Woods made a surprise appearance at Augusta on Sunday - photo: AP
Inside the grounds of the Augusta National it feels no different than previous years. That is apart from when the ripple of whispers went round as word reached us that Woods had joined his pal Mark O'Meara on the tenth tee early on Sunday afternoon.
The reason it feels the same is because it is the usual suspects who occupy the seats in the auditorium that serves as Augusta's media centre. When news broke of Woods return here no extra provision was made to accommodate the extra interest he would generate.
No news organisations could accredit extra staff or change personnel, regardless of the fact that the event would attract interest beyond its usual constituency.

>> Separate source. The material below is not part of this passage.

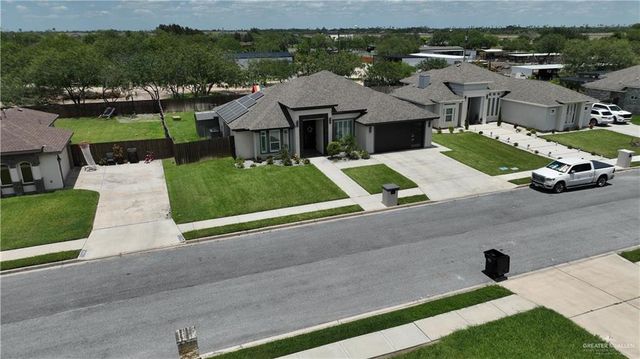 706 Tres Marias Street, Weslaco, TX 78596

So the satellite trucks of the TV stations who don't regularly attend are parked on the other side of the road, while the tabloid websites so infatuated with the Woods story over the last four months are left to scalp for tickets to gain access to the course.
Rumours abound that these celebrity scandal sites are trying to provide a route into the Augusta National for one or more of Woods's extra marital liaisons. Guards are on alert to make sure this remains about the Masters and not the mistresses.

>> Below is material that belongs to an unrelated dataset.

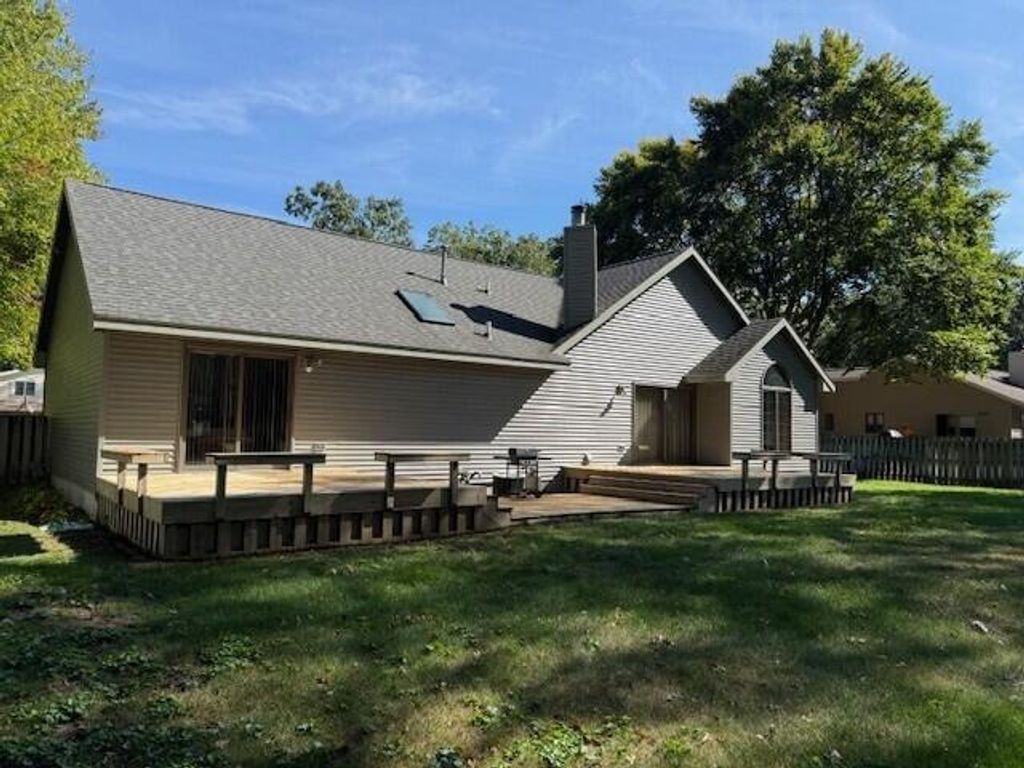 Photo of 1045 Greenbriar Drive, Muskegon, MI 49445 (MLS # 25050832)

Woods, meanwhile, can expect some pretty hostile questioning during his news conference. Before his world fell apart his dealings with the golfing press had been deteriorating as he provided the blandest of fare with his often dismissive answers.

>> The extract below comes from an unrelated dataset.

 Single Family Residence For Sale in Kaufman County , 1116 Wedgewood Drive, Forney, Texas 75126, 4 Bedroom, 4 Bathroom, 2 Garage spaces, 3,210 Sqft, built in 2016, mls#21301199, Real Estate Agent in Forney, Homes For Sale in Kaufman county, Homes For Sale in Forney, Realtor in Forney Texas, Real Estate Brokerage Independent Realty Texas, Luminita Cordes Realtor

The week before he won the Australian Masters in November last year he played the WGC Champions event in Shanghai. In one of his early rounds he picked up a birdie after fluffing a sand wedge to the green and then chipping in from a very improbable lie.
One of the game's most experienced writers, Lewine Mair, who is well known to Woods, politely asked him to describe what happened on that hole. "Drive and then sand wedge and then chipped in," came the monosyllabic reply.
That's how bad it was getting; little did we know what was going to unfold within three weeks. Maybe the pressure of Woods's double life was manifesting itself in his testy relationship with the media.
Reporters won't be seeking some kind of revenge when they quiz him here. They will be seeking an insight into the the man who is currently sport's most famous and infamous figure.
Expect relatively few questions about his private life - none of our business anyway - and we're more than aware that enlightening answers will not be forthcoming.
But there will be rigorous quizzing on his relationship with the controversial Canadian doctor Anthony Galea and on the allegations of some kind of dependence on pain killers.
Woods will be expected to provide answers on these subjects because they go to the heart of modern day sport and because he was such a vocal supporter of drug testing being introduced in golf.
The world number one has vowed to "be more respectful of the game" and it will be interesting to note his tone in the interview room.
I won't be in there having turned down the offer of a ticket. The reason is purely logistical as I'll be in my usual seat at the back of the media centre introducing the news conference as it is aired live on 5Live at 1900 BST.
Thankfully it has been scheduled for the start of the week. It provides a focal point that generates huge interest in the game but by Thursday the golf will be doing the talking and that ticker will be scrolling scores to capture the public's imagination.
The cameras will still be on Woods at that stage, but who knows who will be the object of their focus come Sunday? Ultimately that is still the biggest question of the week - just like it always is.